Stephen Boyd, wearing his death-mask ahead of time, storms through the film as Brad Killian, psychopathic rogue cop committed to the extermination of drug dealers - not the little guys, but major narcotics producers and distributors. To make his point he single-handedly invades Af-Pak leaving a trail of corpses that infuriates local law enforcement, and in the process embarrassing his police bosses. James Mason, Interpol's best agent according to Curd Jurgens, is despatched to confront the cartels in a more conventional fashion, and to lure Boyd back into the fold; his beautiful and unhappy wife Jean Seberg proves to be the bait. She follows Mason to Pakistan, gets promptly lost, and falls over some corpses left lying around by Boyd. They embark on a violent affair, based mostly around interrogation techniques. However, Boyd's bad guy costume is a little too convincing, and as Seberg begins to deconstruct him it becomes apparent that he is a much straighter man than her husband, who has in fact gone over to the other side. Wounded and exhausted, Mason is presented with a very straight choice by Boyd - die killing or be killed - Mason opts for the former, resulting in climactic scenes which must surely be among the most unique in the annals of Franco-Spanish-Wherever co-productions. The only possible reason to sit through Kill! is to put these scenes in context - to see how many bullets can be pumped into a human body before it falls down; or to find out how slow-motion may actually be an anti-gravity device. But this fails the start-up imagination - I suspect one must go back to the director's wartime experiences for a true context. Or forward to his death - because, unsurprisingly, Romain Gary shot himself in 1980. And yet again, even this fails - because Romain Gary, whose real name was Roman Kacew, existed inside a myriad of pseudonyms and lives and marriages. It is perhaps only possible to say that Kill! is the product of a refugee turned diplomat, a pilot turned author, a husband turned agent, love turned sex, despair turned human, human turned inhuman. As he wrote of himself - Since I knew I was fictional, I thought I might have a talent for fiction.

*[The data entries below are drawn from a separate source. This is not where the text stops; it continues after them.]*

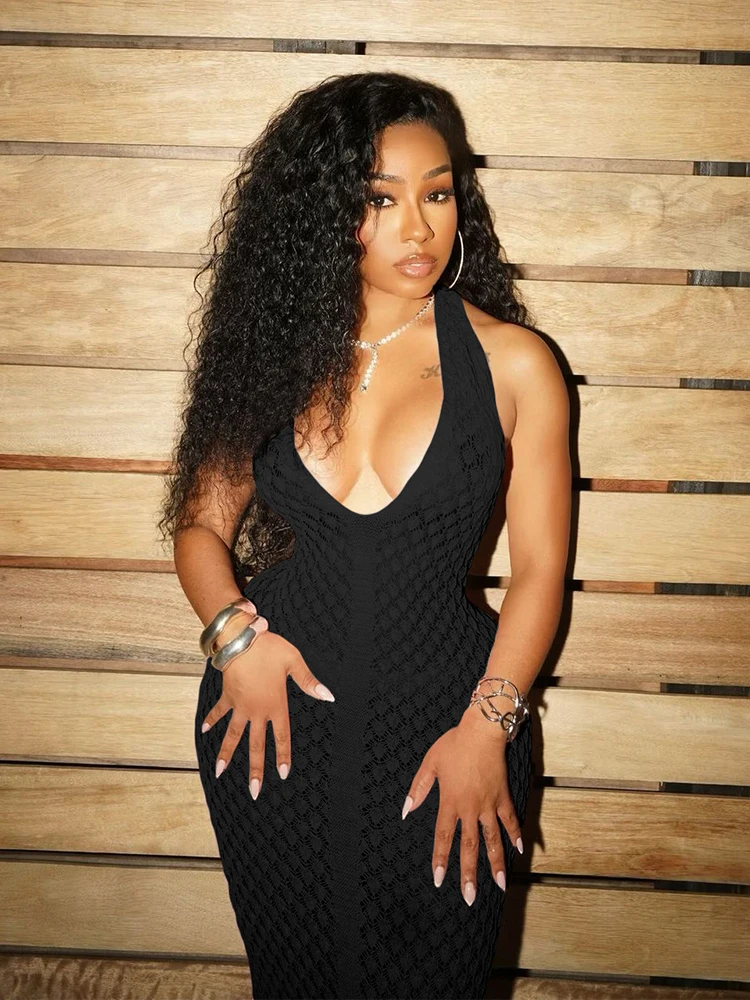 Nibber Patchwork Backless Halter Maxi Kleid Frauen Sexy Sommer Tiefem V-ausschnitt Hohl Quaste Solide Schlank Mitternacht Party Club Vestidos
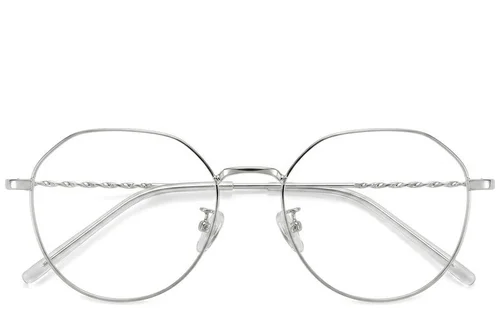Lunettes géométriques en métal argenté #BS423-0473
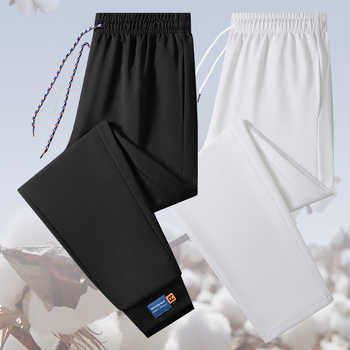 Pantaloni casual bărbătești drepti, talie medie, închidere cu șnur, țesătură poliester 91-95%, pentru primăvară și toamnă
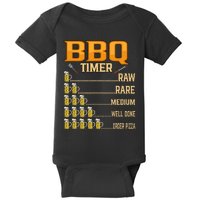 BBQ Timer Raw Rare Medium Well Done Grill Lovers Baby Bodysuit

Whoever he was, Gary is well-served by the cast and crew assembled for Kill! Boyd allows himself to be made up as a jungle beast and his middle age is suitably wild. Oddly, his original Northern Ireland accent is on display, and its sibilance is used to good effect. Seberg overcomes her usual problems with diction to present a pleasing incomprehension at the events overtaking her. James Mason adopts a cod transatlantic accent and delivers a perplexed and perplexing performance - for once he does not seem to be attuned to the material. This film is often cited as one of the low points in his career; but this was during the wandering period of the actor's life, when he was apt to accept any job that offered him a decent pay-cheque and an opportunity to travel. I suspect he was along for the ride. There are some problems with the film's continuity - the editing could be sharper. And, of course, the dubbed supporting roles are always grating on the ear. But they give the film much of its period charm. Lastly, a good deal of praise must be reserved for an often striking soundtrack by Berto Pisano and Jacques Beaumont.
All of this is of course bunkum compared to the film's final scenes, which can be watched as a stand-alone fantasia.